De la même façon, ce sont des organismes de ce genre, ces deux
organismes d'ailleurs pourraient soit dans les journaux dans le
cadre du premier, soit pour la télévision, dans le cadre du second
donner aux individus le droit de réponse, non pour ceux qui seront
attaqués nommément, mais pour ceux qui voudront contre une opinion
en faire valoir une autre. Donc, si vous voulez, on a là une intervention
de type judiciaire qui est profondément différente de celle qui
fonctionnait jusqu'à présent puisqu'il s'agira d'intervenir au niveau
du vrai et du faux, de l'honnête et du malhonnête, de la pluralité
des opinions, de la représentativité des opinions, du droit de dire
non quand il est dit oui, de dire oui quand il est dit non.
On peut dire que l'information, comme la consommation,
devient une espèce de judiciable dont le fonctionnement est nouveau.
On peut trouver un autre exemple, qui est important, c'est celui
de la relation de l'administration et de l'administré.
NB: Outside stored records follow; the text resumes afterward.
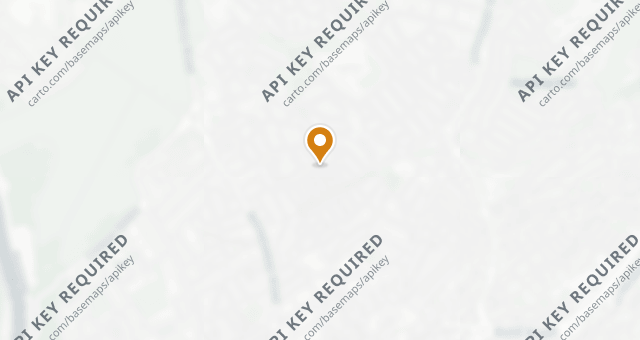 Map showing Little Hollows Pasta
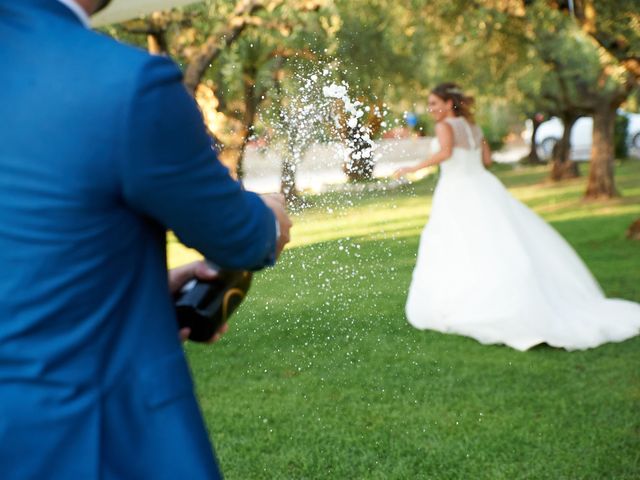 Il matrimonio di Francesca e Cristian a Anzio, Roma 48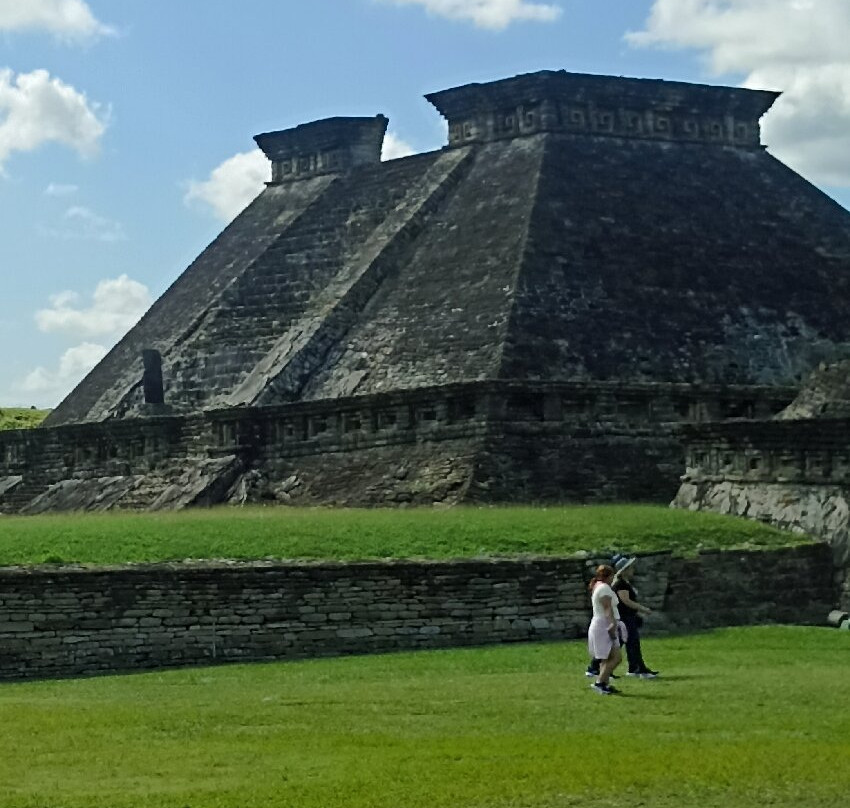 埃尔塔津古城-Papantla必去景点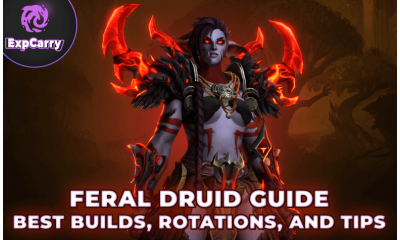 Feral Druid Guide for WoW Midnight Season 2 - Best Builds, Rotations, and Tips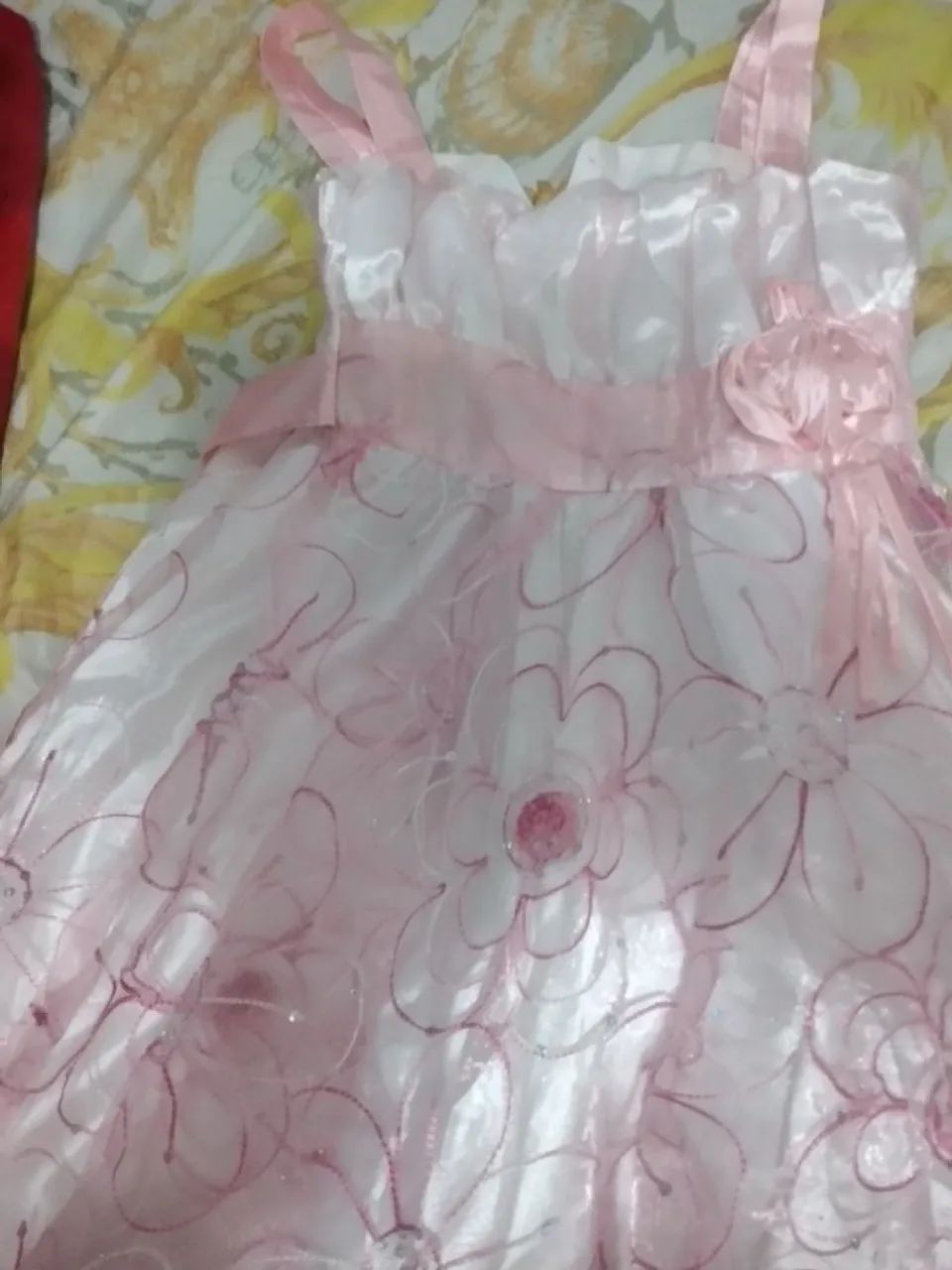 Kit vestido infantil  - Foto 2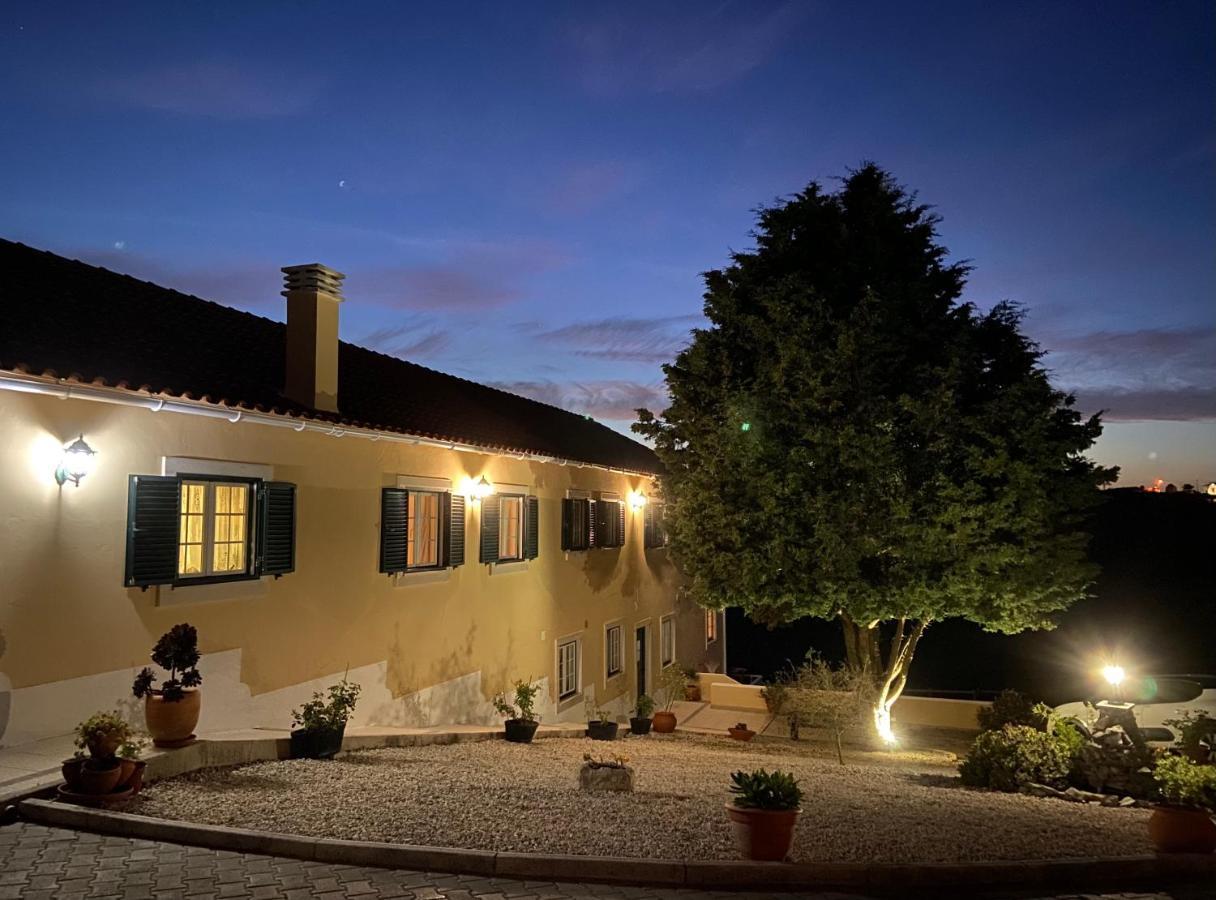 Bed and Breakfast Terra Luso Proche De Montejunto Cadaval Exterior foto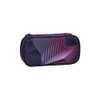 Satch Pencil Case Extra Large with Divider Zip Pocket Pen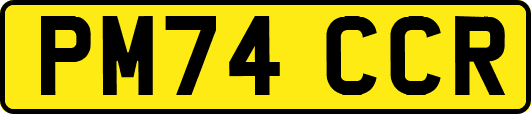 PM74CCR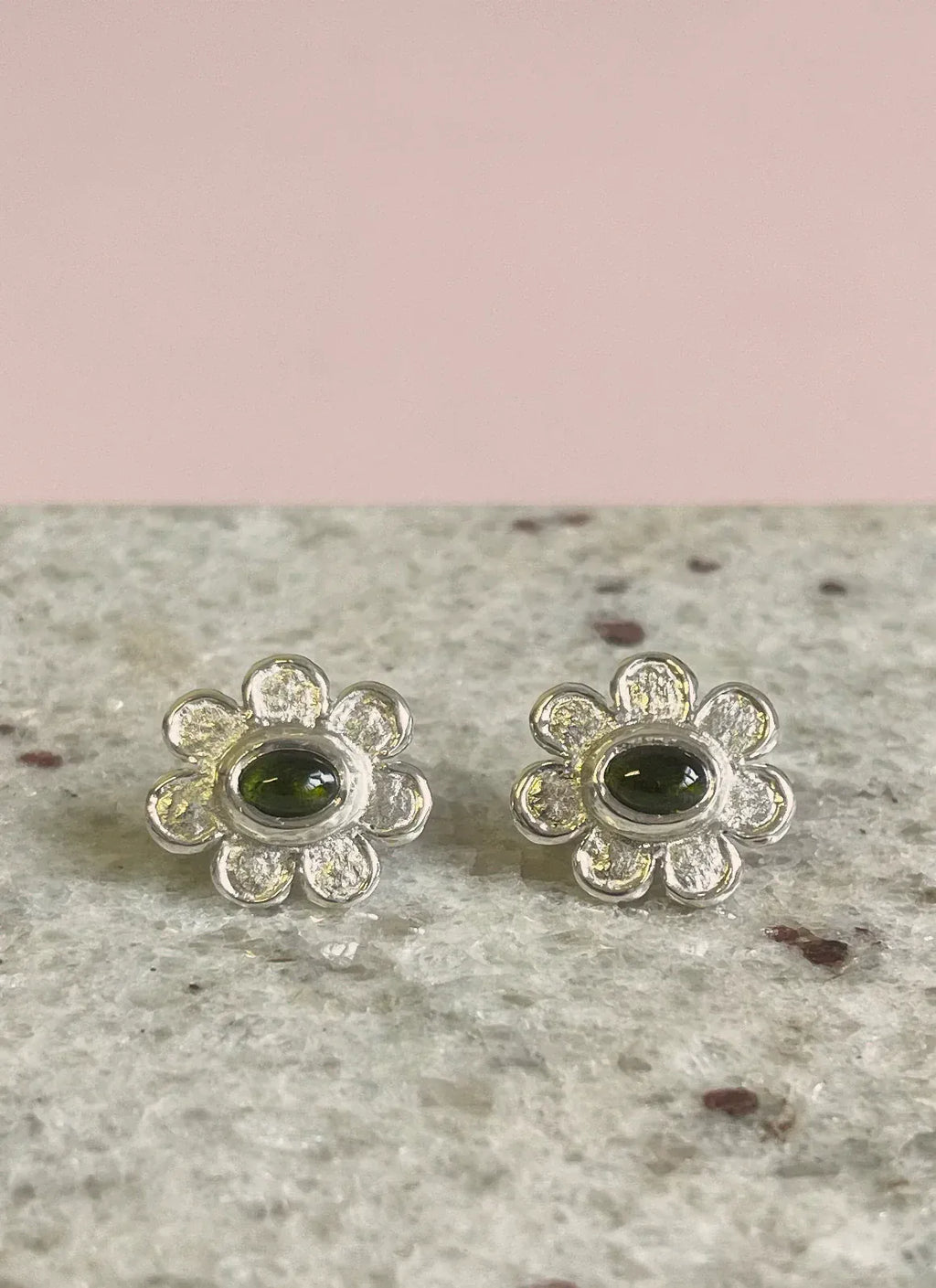 C -ET- C Blossom Studs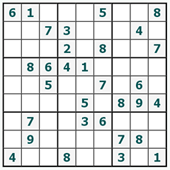 Free online Sudoku #334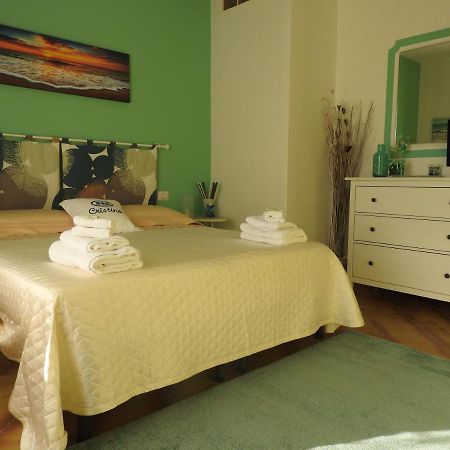 B&B Cristina Centola Exteriör bild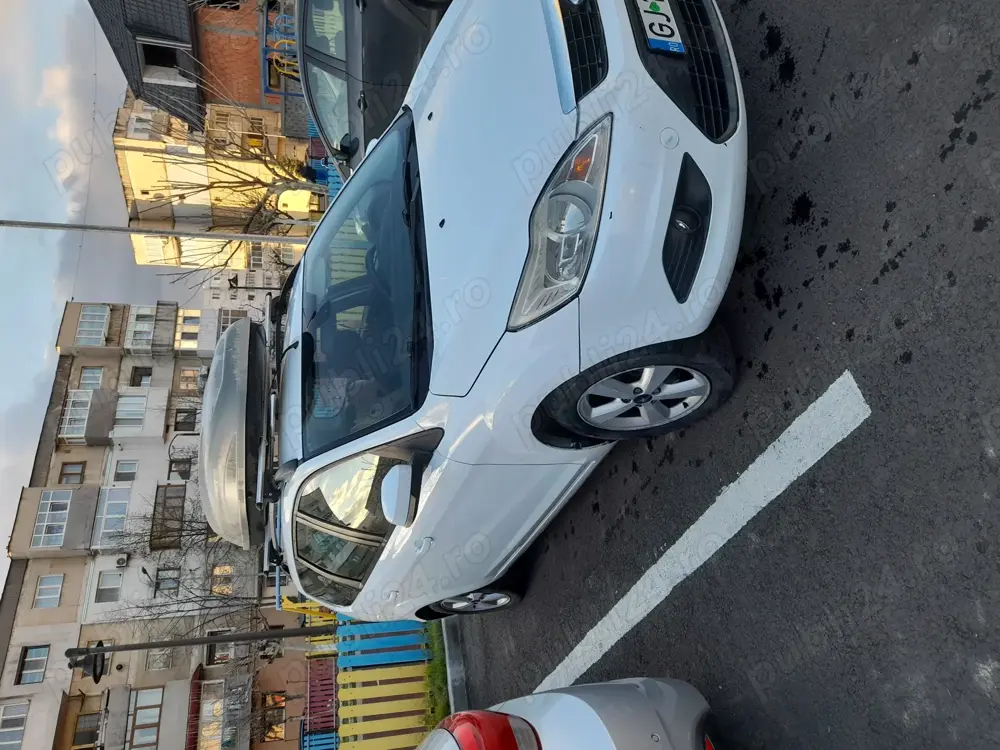 Vand ford focus an 2010 euro 5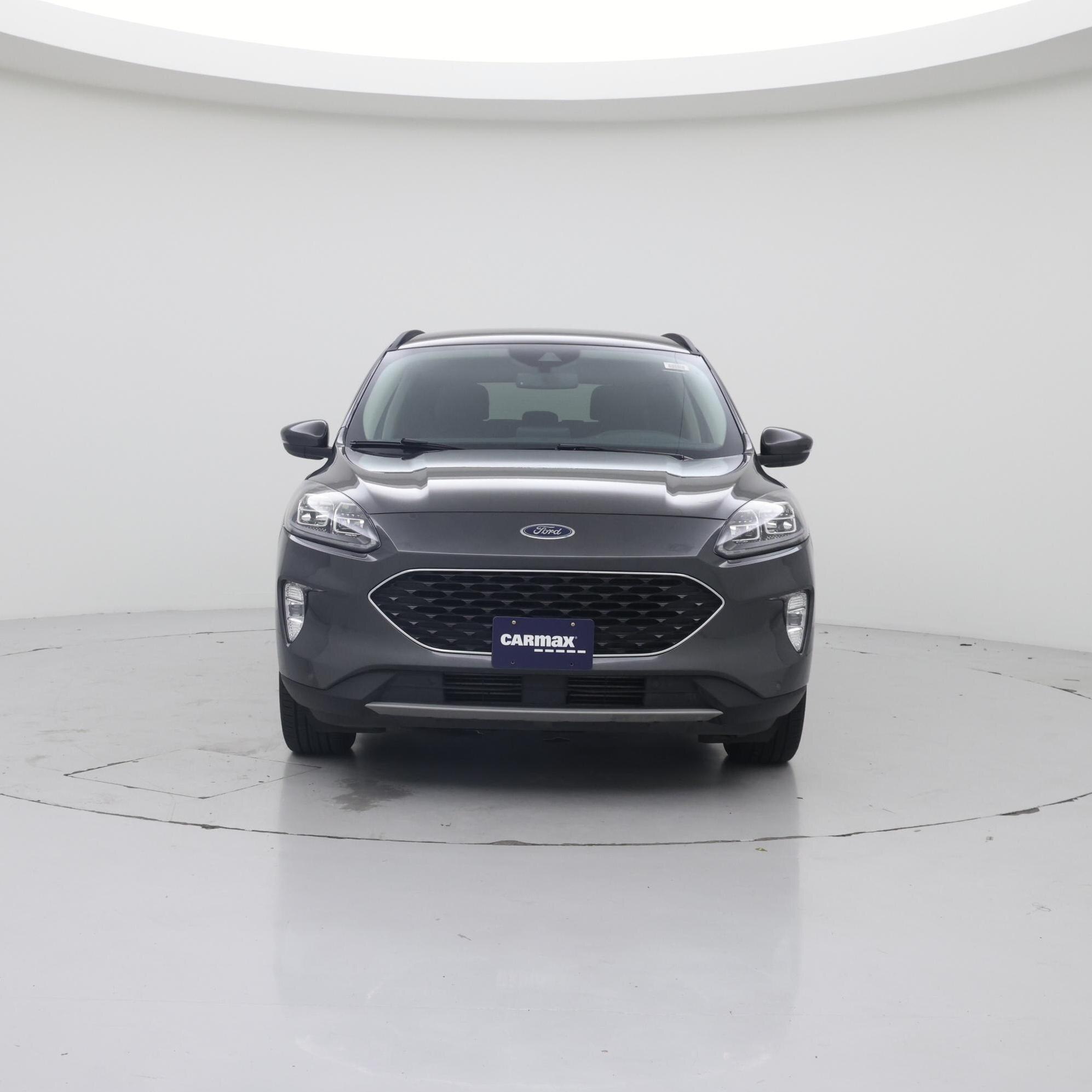 Thumbnail: 2020 Ford Escape - 5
Là encore,
c'est une bonne chose que la justice ait le droit de protéger les
administrés contre les abus de droit venant de l'administration,
mais là un certain nombre d'organismes sont prévus qui auront pour
fonction de régler ces rapports plus subtils, plus fins entre l'administration
et les administrés, en particulier au niveau du savoir, c'est-à-dire
qu'il y aura des organismes qui imposeront aux administrations de
dire un certain nombre de choses que jusqu'à présent elles considéraient
comme cachées. Elles interviendront donc comme principe de détermination
du public et du secret, de ce qui doit être vu et de ce qu'on est
bien obligé de garder dans l'ombre, ce sera une certaine manière
de rendre transparente l'administration, de veiller à ce que cette
administration soit bien un service, c'est-à-dire que la puissance
publique soit à la disposition des administrés.
Détermination d'un optimum fonctionnel pour le corps social.
Vous voyez qu'à travers ces quelques problèmes, ce n'est pas simplement
l'extension de certaines questions déjà posées à l'appareil judiciaire
qui sont prévues, c'est en fait toute une redéfinition des aires
d'intervention du judiciaire, une nouvelle définition sociale et
institutionnelle du judiciable. Or, ces nouvelles fonctions judiciaires
liées au nouveau domaine du judiciable vont consister en quoi ?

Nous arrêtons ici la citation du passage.